Christian Lindner und die FDP hingegen müssen deutlich machen: Wir haben nichts zu verschenken, wir haben aus Schwarz-Gelb 2009 bis 2013 unter Angela Merkel gelernt. Denn anschließend flogen die Liberalen aus dem Bundestag. Ganz zu schweigen von den Unsicherheiten, die mit der ungeklärten politischen Zukunft von CSU-Chef Horst Seehofer zusammenhängen. Am Wochenende hatte mit der bayerischen Jungen Union (JU) die erste große CSU-Organisation offen den Rückzug des Ministerpräsidenten verlangt. Seehofer hatte daraufhin angekündigt, sich sehr schnell nach Abschluss der Jamaika-Sondierungen zur eigenen Zukunft und der CSU-Aufstellung zu äußern.

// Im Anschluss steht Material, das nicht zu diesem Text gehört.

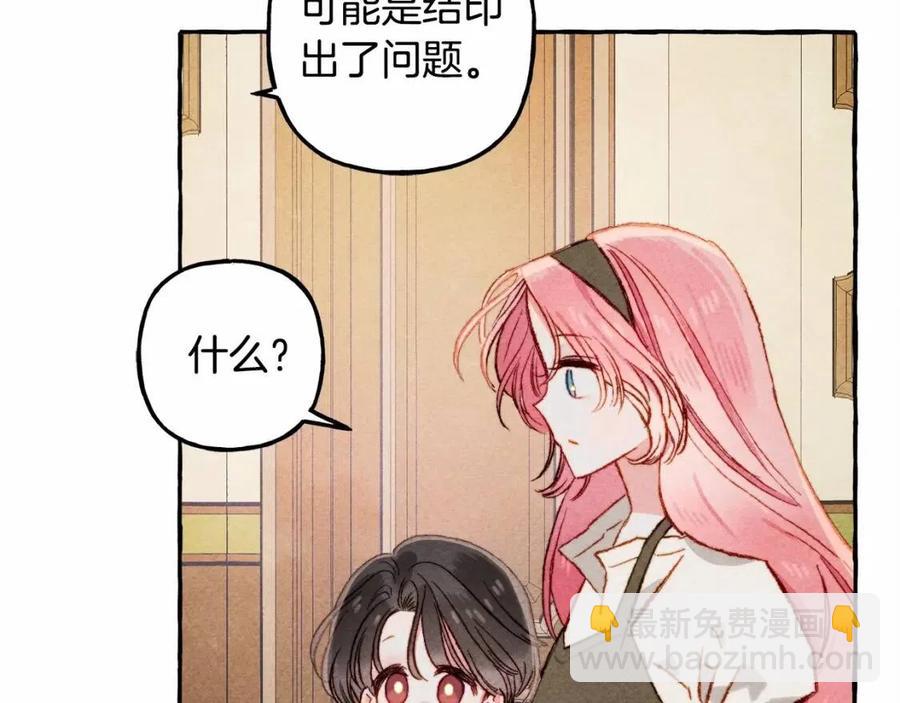 第12话 失礼了94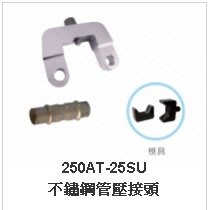 【川大泵浦】台震  250AT-25SU 不鏽鋼管壓接模具組 1/2"、3/4"、1"  REC5250M 水管壓接模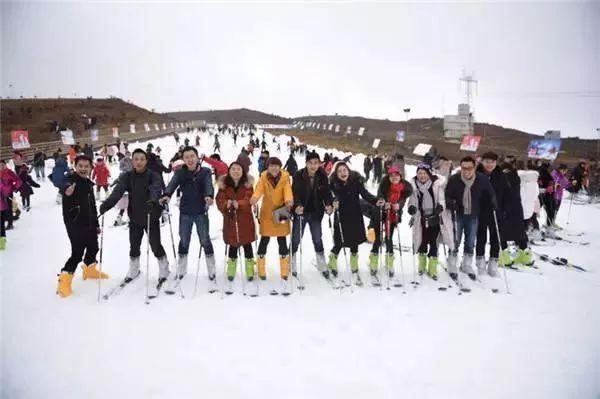 白鹿原滑雪場(chǎng)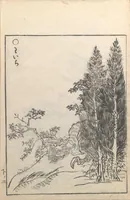 Picture 4 of 13 from Gazu Hyakki yagyō (1805), leaf 10
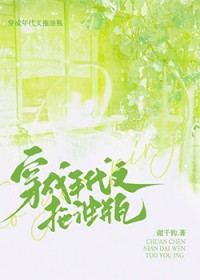 穿成年代文反派大佬的白月光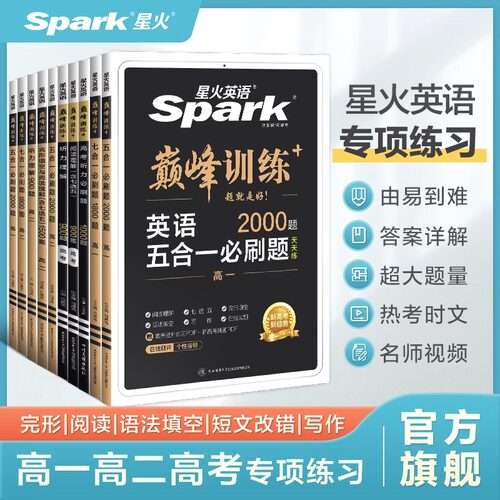 星火英语高中巅峰训练七合一必刷题完形填空与阅读理解听力七选五语法填空五合一高一二三高考词汇3500 新华书店正版书籍 - 图0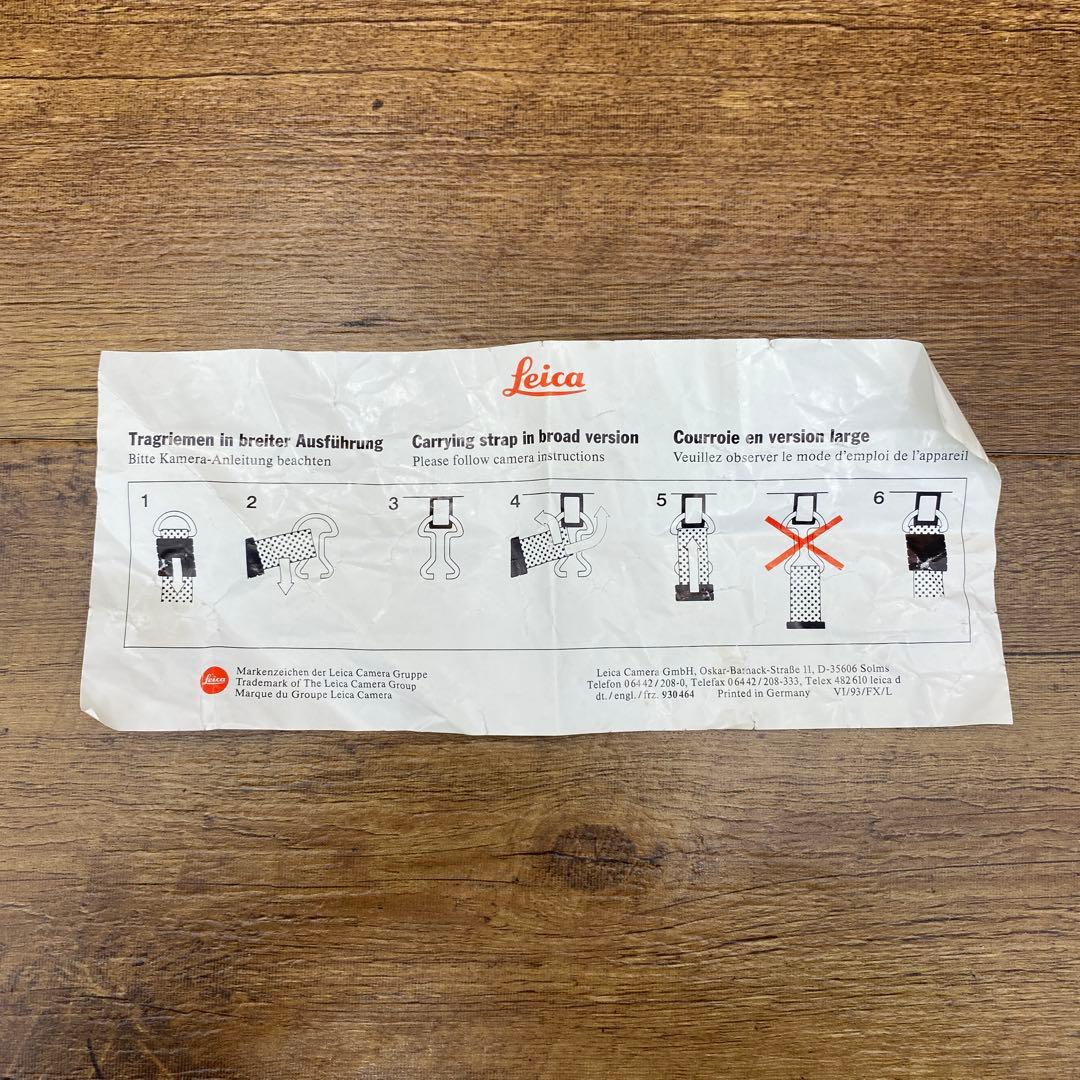 Leica ライカ ストラップ 14258 B-119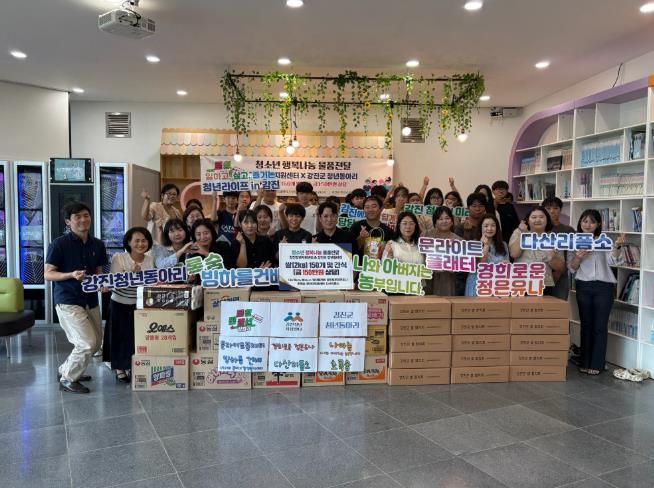 청년동아리 대표들이 청소년들에게 나눔물품을 전달하고 있다.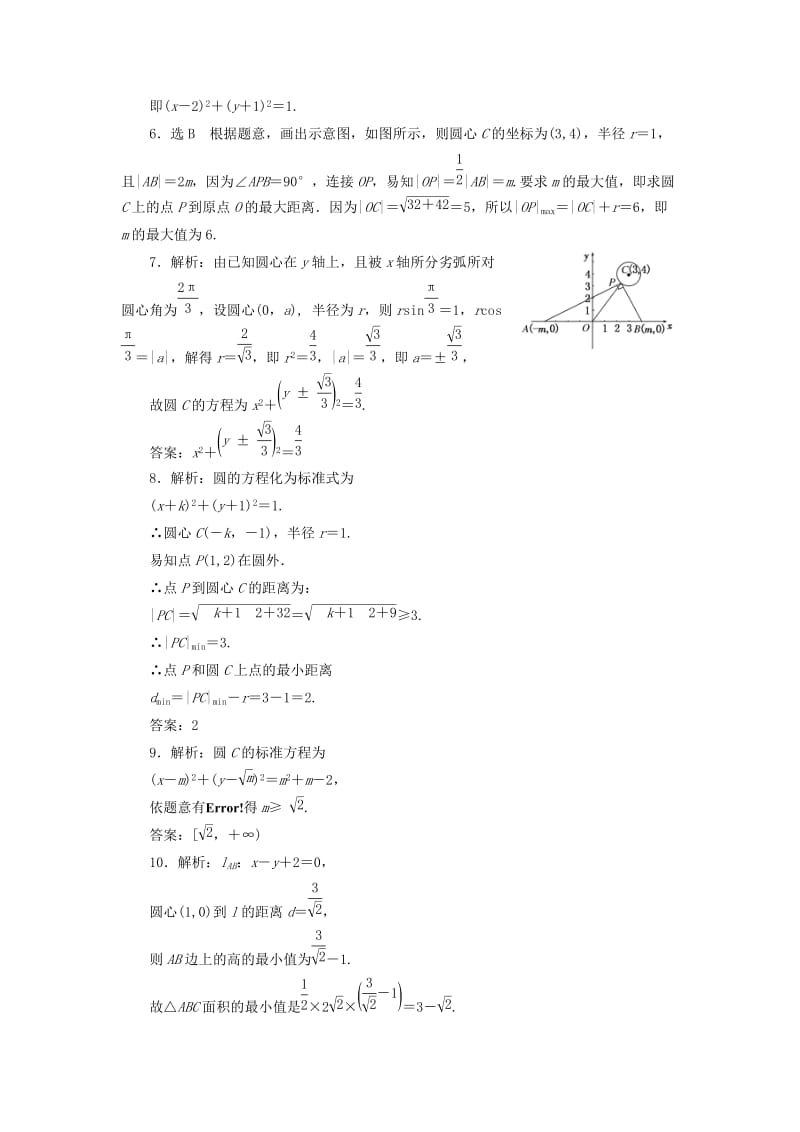 2019-2020年高考数学大一轮复习 课时跟踪检测（四十七）圆的方程 文（含解析）.DOC_第3页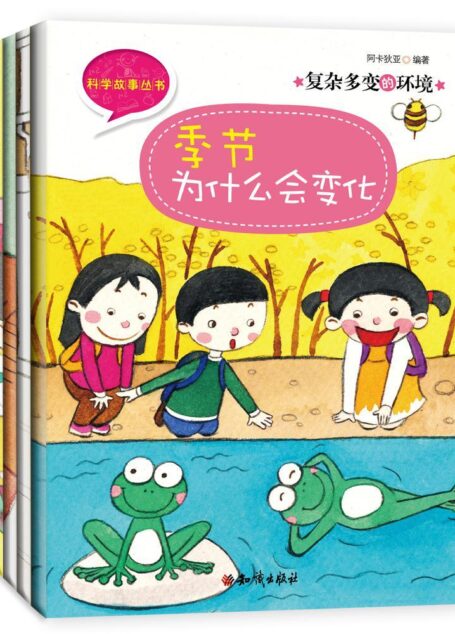 《科学故事丛书:复杂多变的环境》第五辑(全4册)地球是什么时候形成的+季节为什么会变化+为什么会有昼夜+垃圾怎样回收利用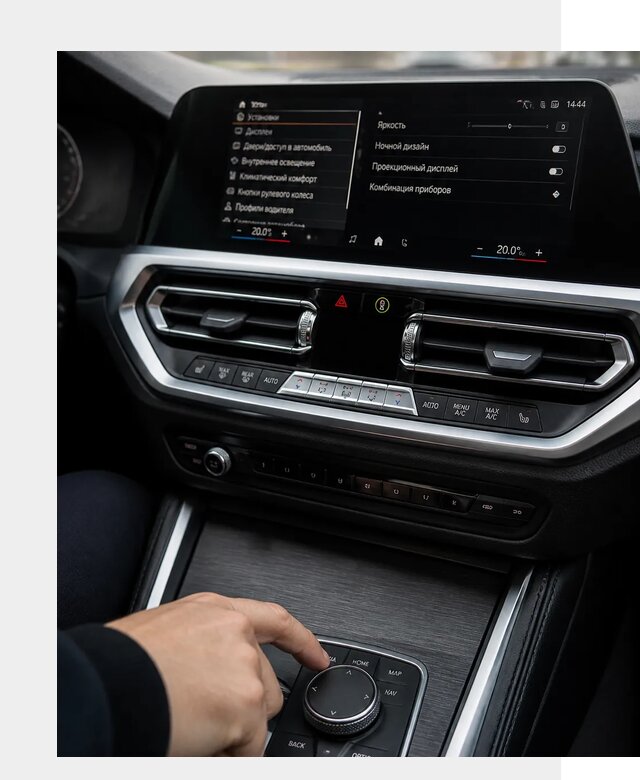 Русификация мультимедиа BMW в Геленджике от 7796 р. | ФастМобиль-Глн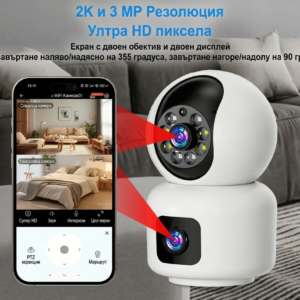 3 MP 2K смарт охранителна камера, бебефон и камера за домашни любимци, цветно нощно виждане, засичане на движение, лесен монтаж, съхранение в облак / SD карта.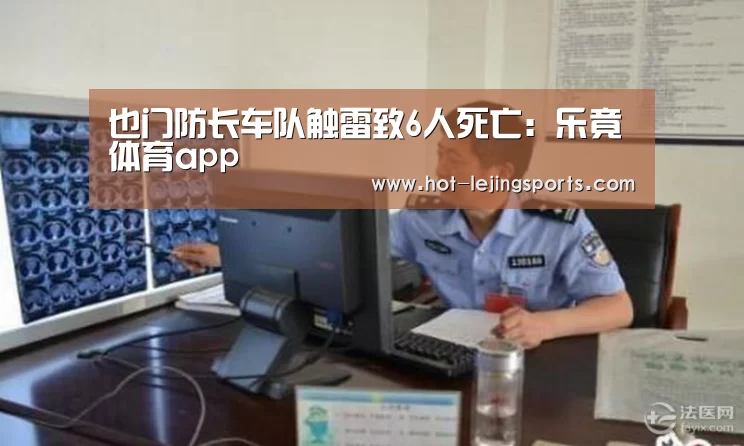 也门防长车队触雷致6人死亡:乐竟体育app(图2) 乐竟体育app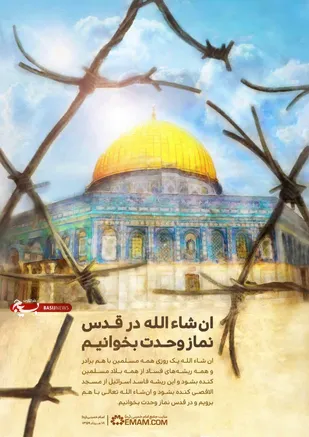 بیانیه شرکت آب منطقه ای گلستان به مناسبت روز قدس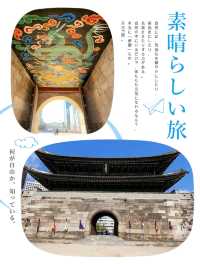 馬路交匯處的古建築🫶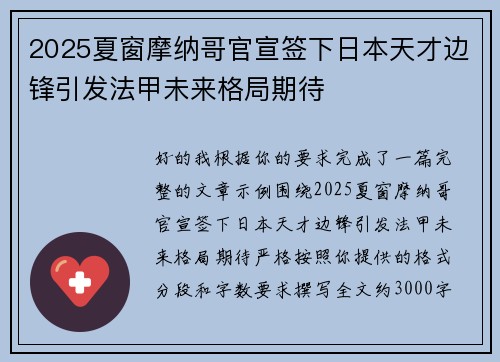 2025夏窗摩纳哥官宣签下日本天才边锋引发法甲未来格局期待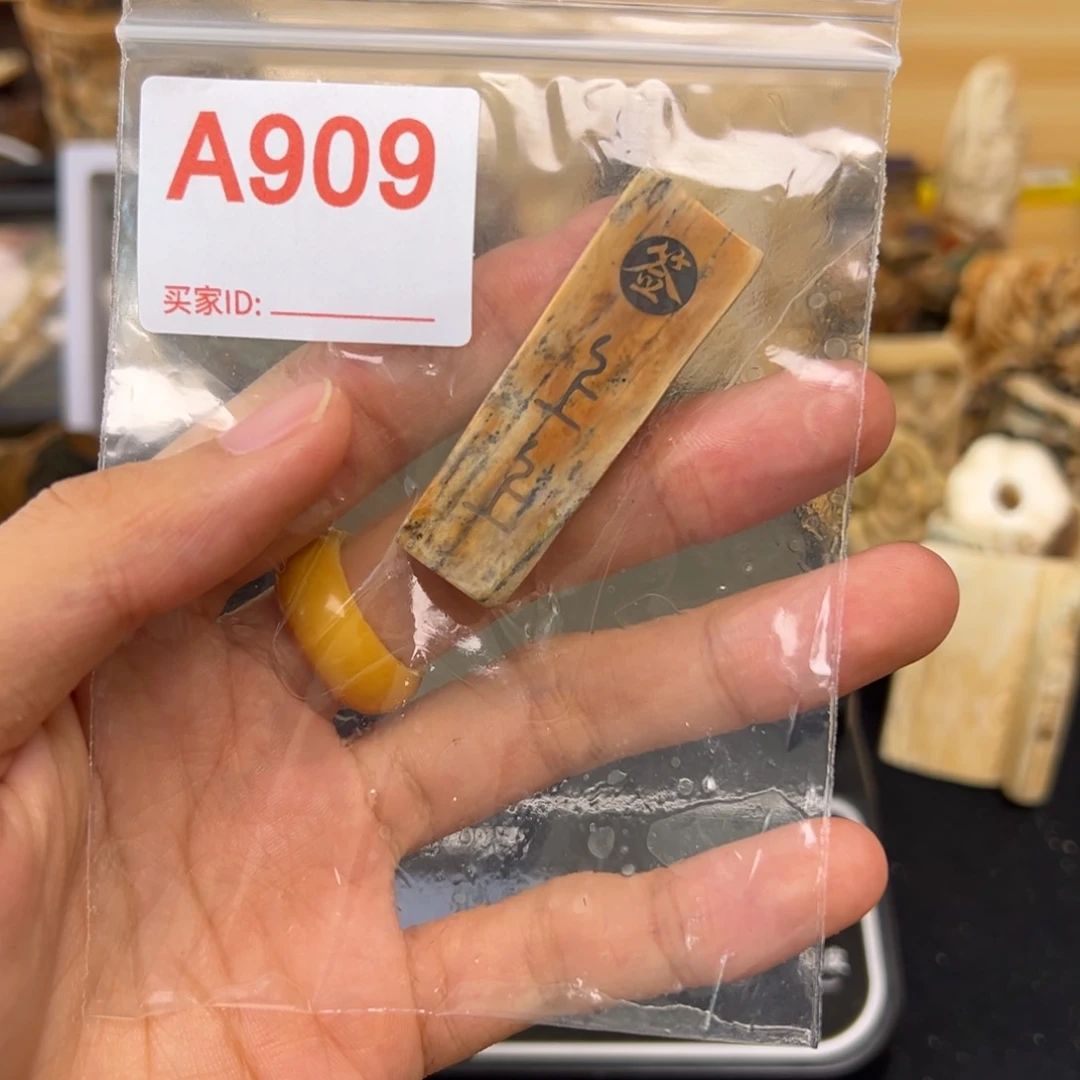 天然猛犸象牙瑕疵品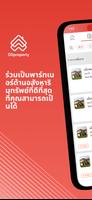 DDproperty AgentNet โปสเตอร์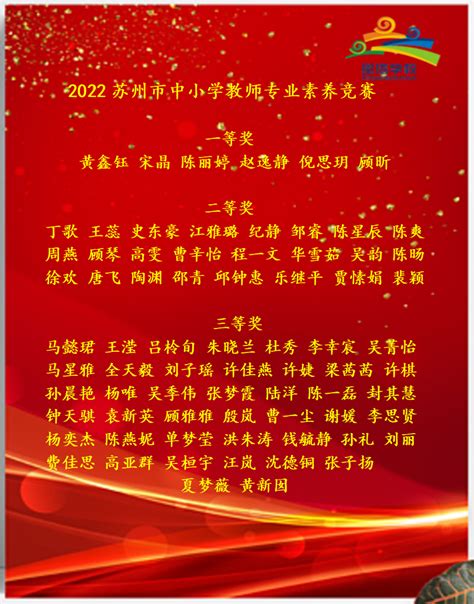 关于举办2020年苏州市中、小学三模基层辅导员培训班通知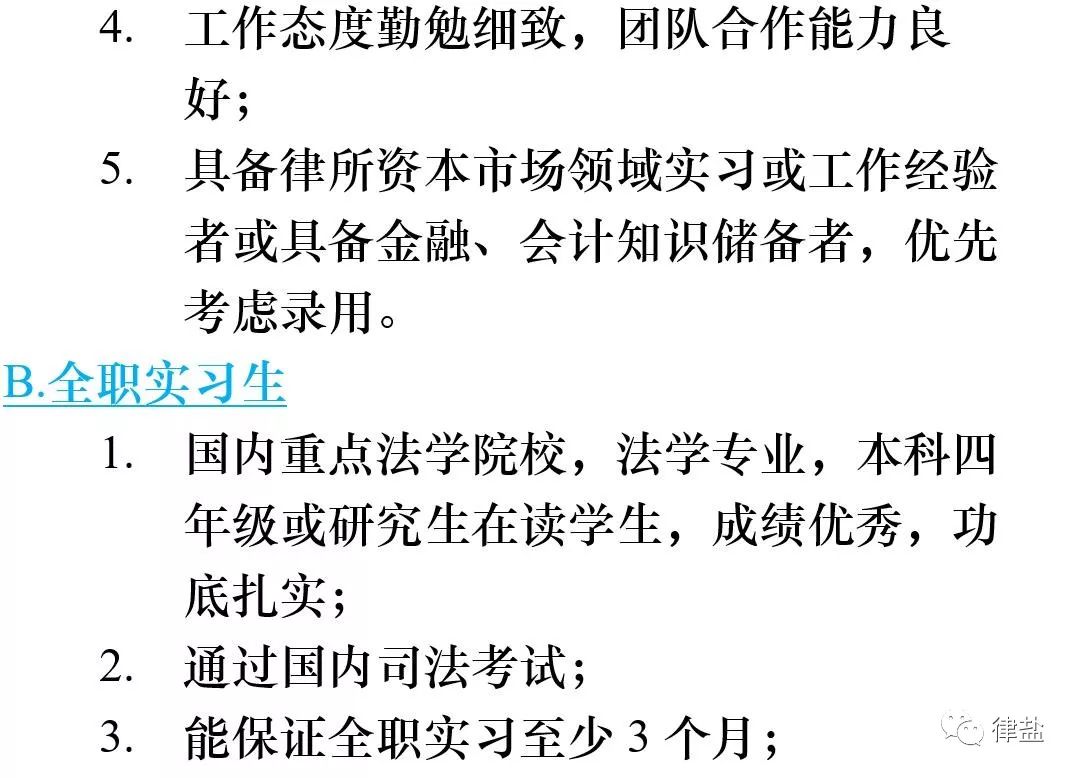 广盛招聘_公司介绍 利辛广盛装饰设计公司(4)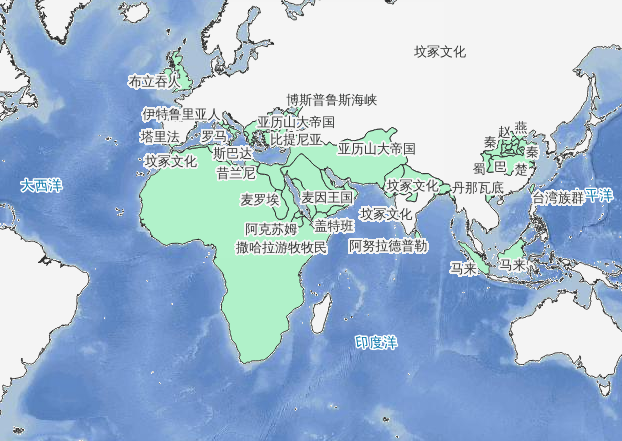 公元前323年世界历史地图-亚历山大帝国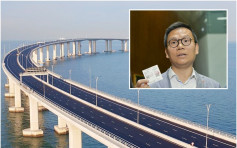 【港珠澳大桥】开通仪式港方百人获邀 陈恒镔：领导人出席活动一贯神秘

In Berlin ist angesichts von so viel Unruhe in der CSU-Spitze schon die bange Frage aufgetaucht, ob ein möglicher Jamaika-Vertrag denn mit einem Seehofer-Erben erneut durchgekaut werden müsste. In der CDU setzen sie dabei auf die Macht des Faktischen und die politische Vernunft der kleinen Schwesterpartei. Eine Nachverhandlung werde es kaum geben, heißt es da. Es gelte auch für die CSU immer noch das Prinzip der Vertragstreue. Außerdem dürften auch Söder oder andere Seehofer-Feinde kein Interesse daran haben, die CSU ins Chaos zu stürzen. Schließlich ziehe die CSU ihren Nimbus als bundesweit bedeutsame Regionalpartei immer noch auch aus der Regierungsbeteiligung in Berlin.